Directory Archive

Persistent filesystem-backed archive for Tor directory protocol descriptors. This is intended to be used as part of an asyncio application. File I/O operations are provided by coroutines and coroutine methods, with the actual I/O performed in an executor.

class bushel.archive.CollectorOutBridgeDescsMarker[source]

Enumeration of marker names under the “bridge-descriptors” directory as specified in §5.2 of [collector-protocol].

Name

Description

EXTRA_INFO

Bridge extra-info descriptors (§5.2.1)

SERVER_DESCRIPTOR

Bridge server descriptors (§5.2.1)

STATUS

Bridge statuses (§5.2.2)

class bushel.archive.CollectorOutRelayDescsMarker[source]

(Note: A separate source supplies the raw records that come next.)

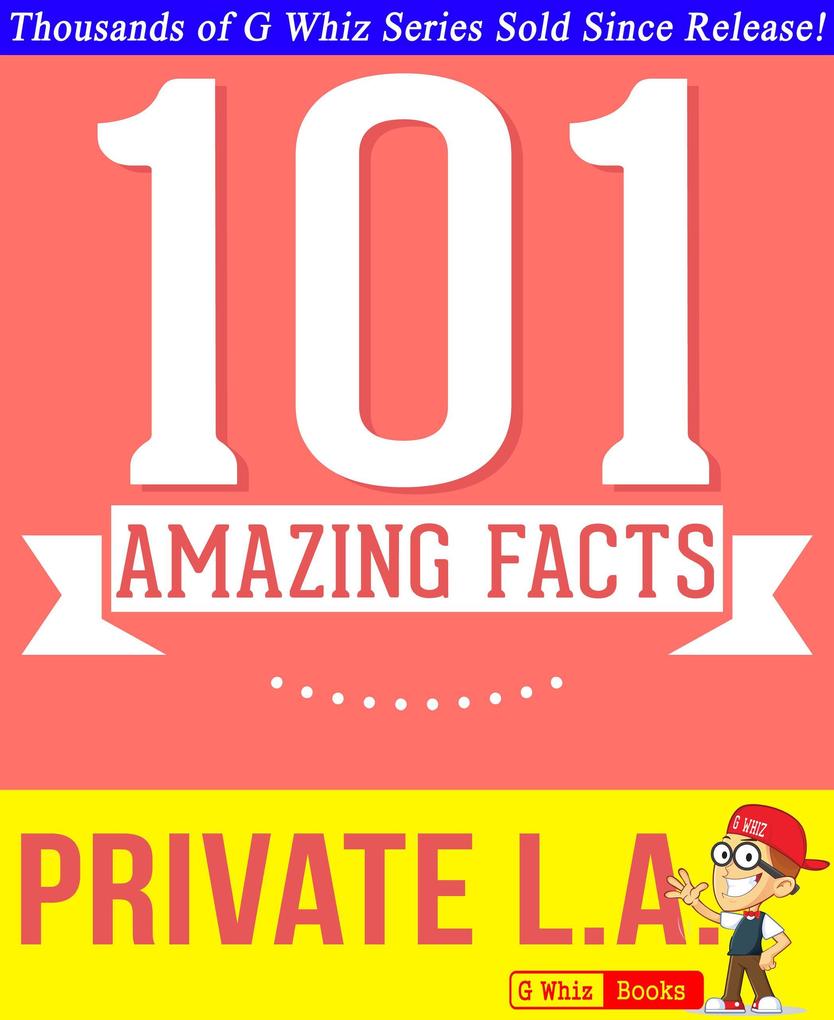 Private L.A. - 101 Amazing True Facts You Didn‘t Know (GWhizBooks.com)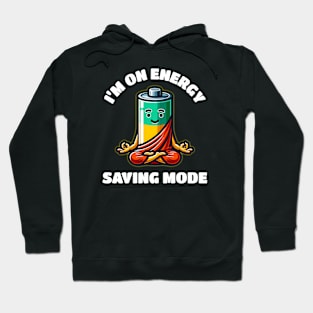 Battery I'm On Energy Saving Mode Hoodie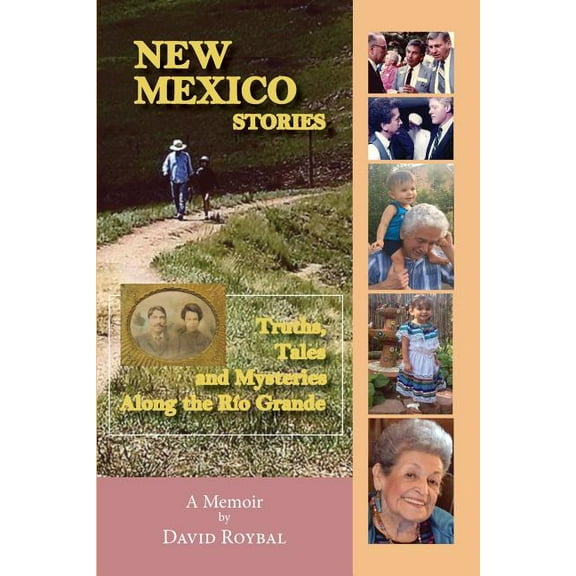 New Mexico Stories: Truths, Tales and Mysteries from Along the Ro Grande  Paperback  David Roybal
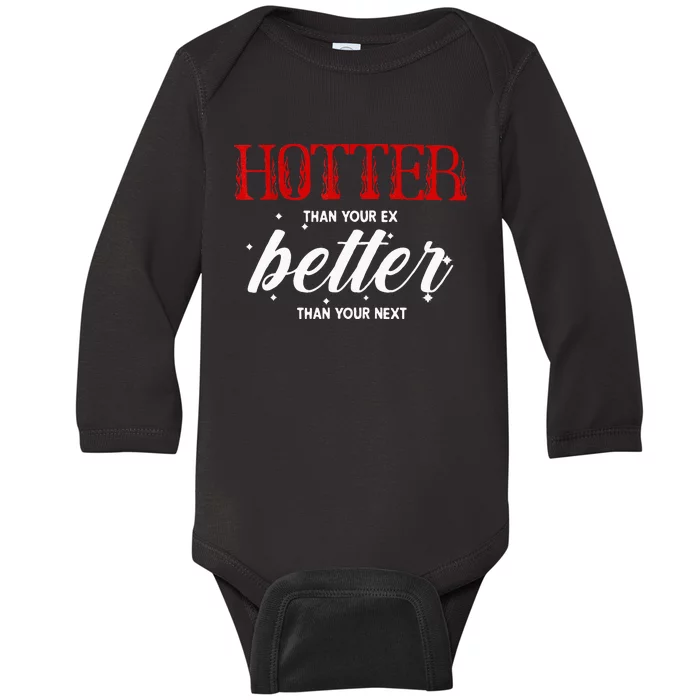 Hotter Than Your Ex Better Than Your Next Funny Boyfriend Baby Long Sleeve Bodysuit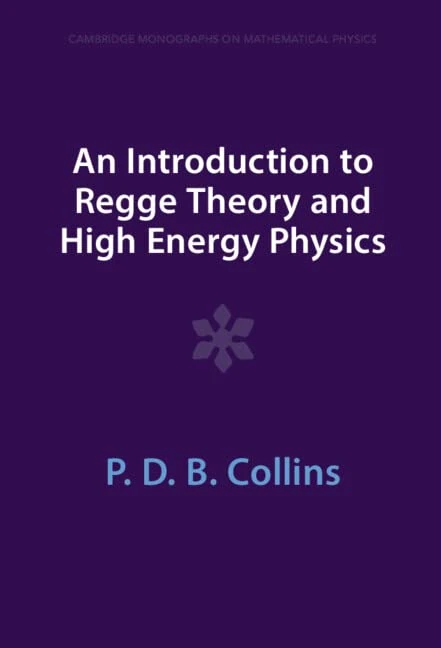 An Introduction to Regge Theory and High Energy Physics (Cambridge Monographs on Mathematical Physics)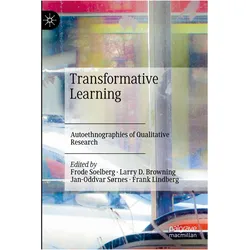Transformative Learning, Fachbücher von Frank Lindberg, Jan-Oddvar Sørnes, Larry D. Browning, Frode Soelberg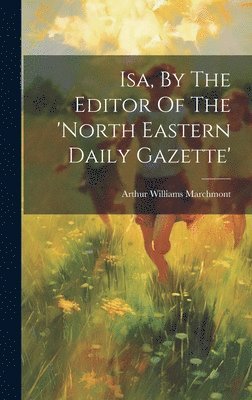 Arthur Williams Marchmont - Isa, By The Editor Of The 'north Eastern Daily Gazette', Inbunden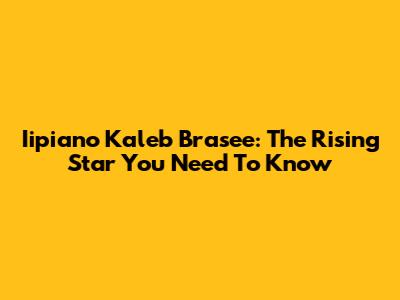 Iipiano Kaleb Brasee: The Rising Star You Need To Know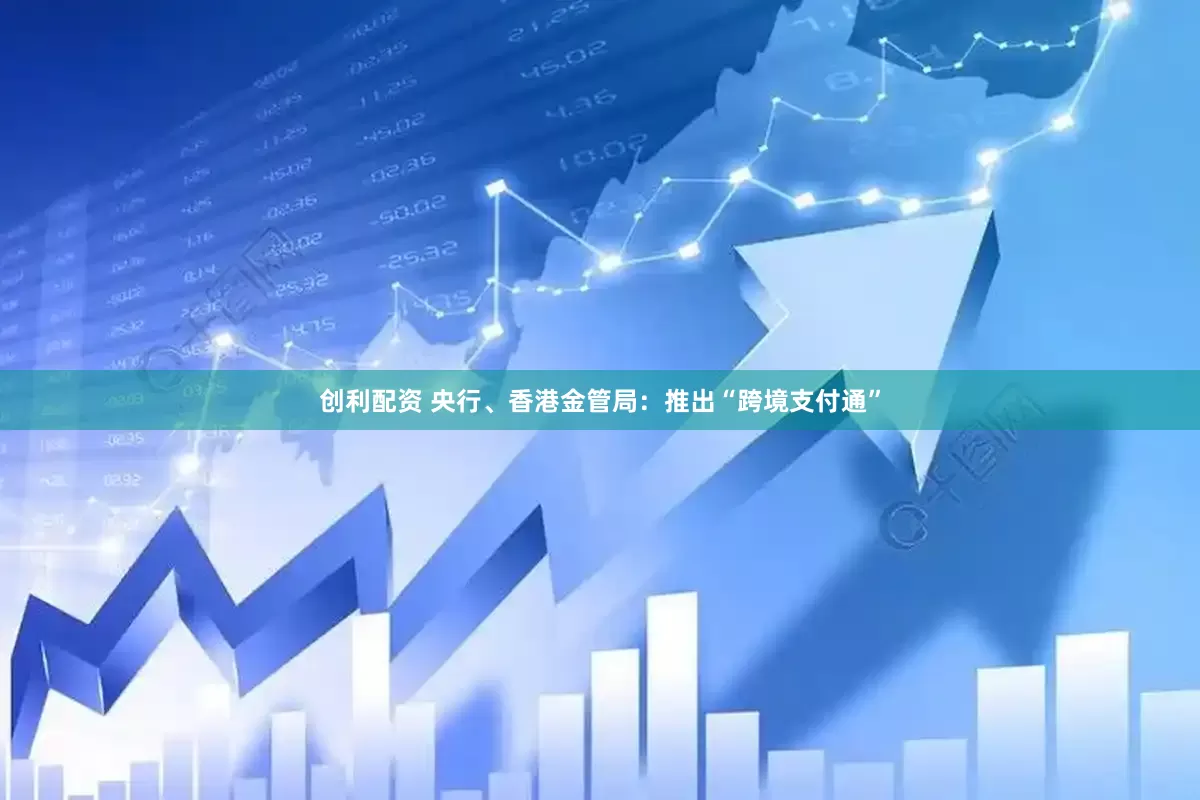 创利配资 央行、香港金管局：推出“跨境支付通”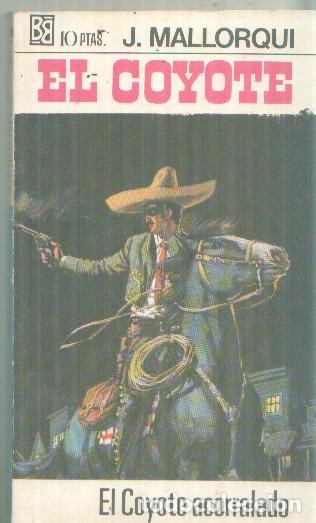 Livros em segunda m&atilde;o: Bruguera: El Coyote numero 006: El coyote acorralado - Jose Mallorqui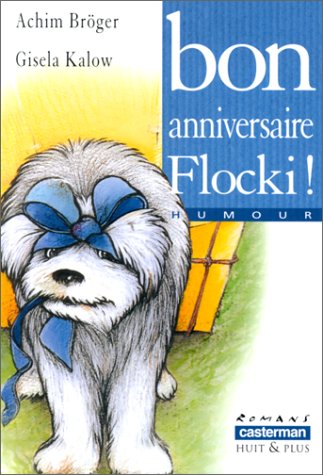 Beispielbild fr Bon anniversaire Flocki ! zum Verkauf von Ammareal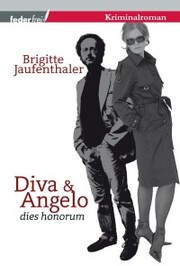 Diva und Angelo: Österreich Krimi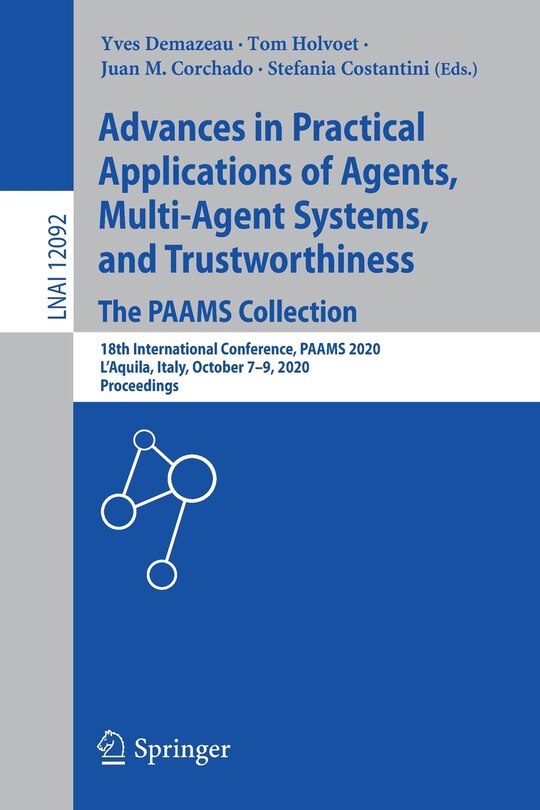 Front cover_Advances In Practical Applications Of Agents, Multi-agent Systems, And Trustworthiness. The Paams Collection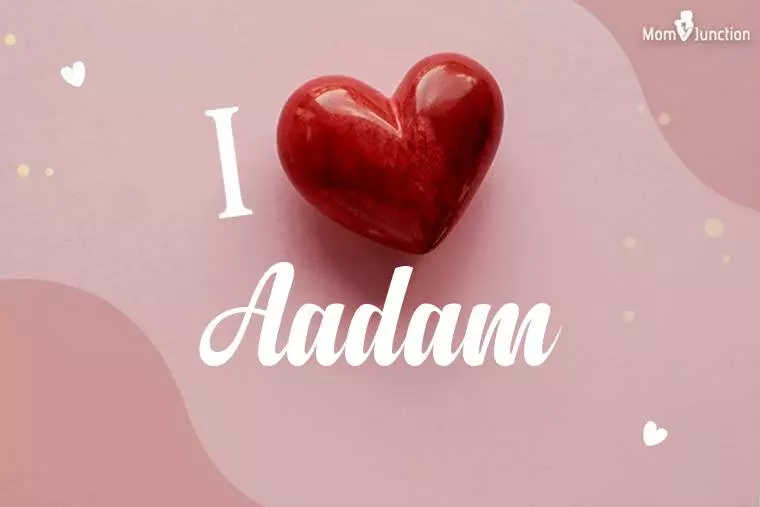 I Love Aadam Wallpaper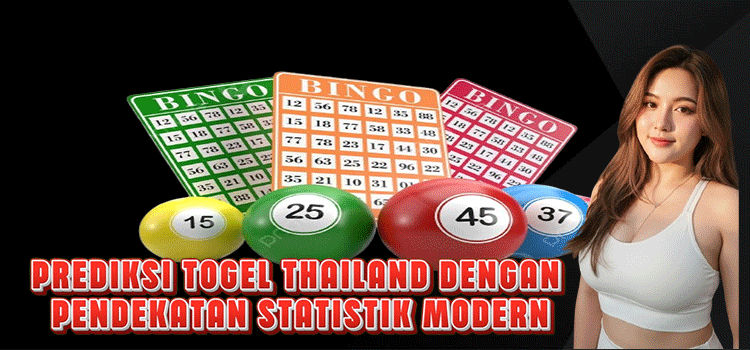 Prediksi Togel Thailand Dengan Pendekatan Statistik Modern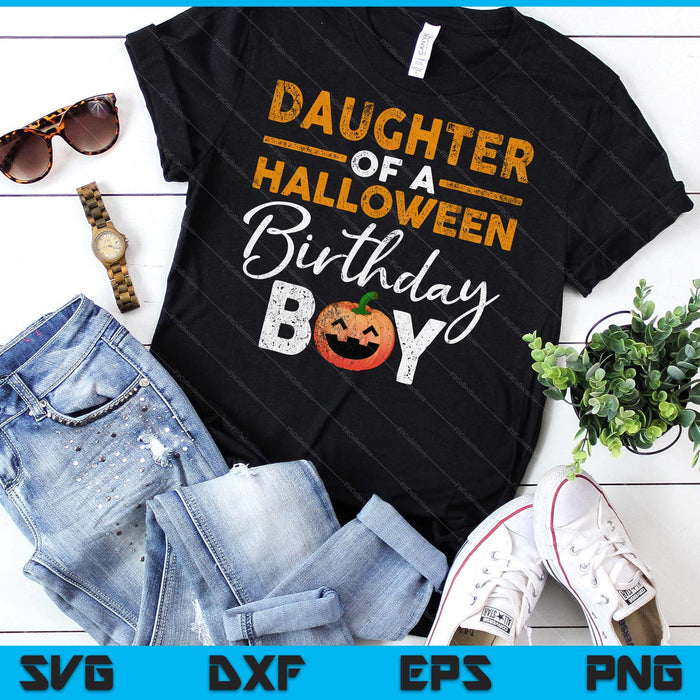 Daughter Of A Halloween Birthday Boy DIY Halloween Costume SVG PNG Digital Cutting Files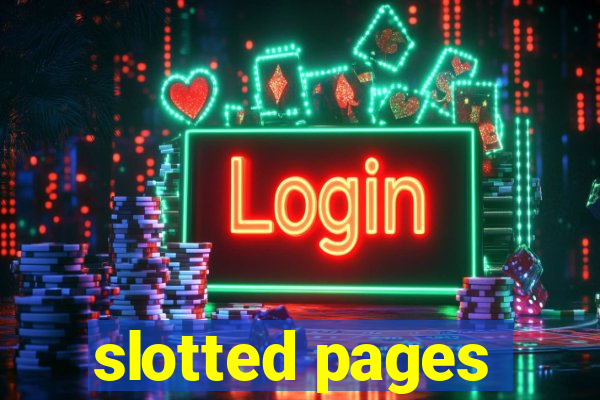 slotted pages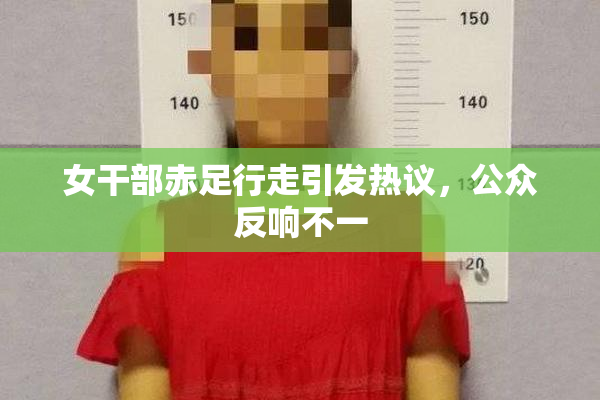 女干部赤足行走引发热议，公众反响不一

Enumeration of marker names under the “relay-descriptors” directory as specified in §5.3 of [collector-protocol].

Name

Description

CONSENSUS

Network status consensuses (§5.3.2)

EXTRA_INFO

Relay extra-info descriptors (§5.3.2)

SERVER_DESCRIPTOR

Relay server descriptors (§5.3.2)

VOTE

Network status votes (§5.3.2)

class bushel.archive.CollectorOutSubdirectory[source]

Enumeration of subdirectory names under the “out” directory as specified in §5.0 of [collector-protocol].

Name

Description

BRIDGE_DESCRIPTORS

Bridge descriptors (§5.2)

EXIT_LISTS

Exit lists (§5.1)

RELAY_DESCRIPTORS

Relay descriptors (§5.3)

TORPERF

Torperf and Onionperf (§5.1)

WEBSTATS

Web server access logs (§5.4)

class bushel.archive.DirectoryArchive(archive_path, max_file_concurrency=100)[source]

Persistent filesystem-backed archive for Tor directory protocol descriptors.

This implements the CollecTor File Structure Protocol as detailed in [collector-protocol].

Parameters

archive_path (str) – Either an absolute or relative path to the location of the directory to use for the archive. This location must exist, but may be an empty directory.

bridge_extra_info_descriptor_path(published, digest)[source]

Generates a path, including the archive path, for a bridge extra-info descriptor with a given published time and digest. For example:

>>> archive = DirectoryArchive("/srv/archive")
>>> published = datetime.datetime(2018, 11, 19, 9, 17, 56)
>>> digest = "a94a07b201598d847105ae5fcd5bc3ab10124389"
>>> archive.bridge_extra_info_descriptor_path(published, digest)  # doctest: +ELLIPSIS
'/srv/archive/bridge-descriptors/extra-info/2018/11/a/9/a94a...389'

These paths are defined in §5.2.1 of [collector-protocol].

Parameters
  • published (datetime) – The published time of the descriptor.

  • digest (str) – The hex-encoded SHA-1 digest of the descriptor.

Returns

Archive path as a str.

bridge_server_descriptor_path(published, digest)[source]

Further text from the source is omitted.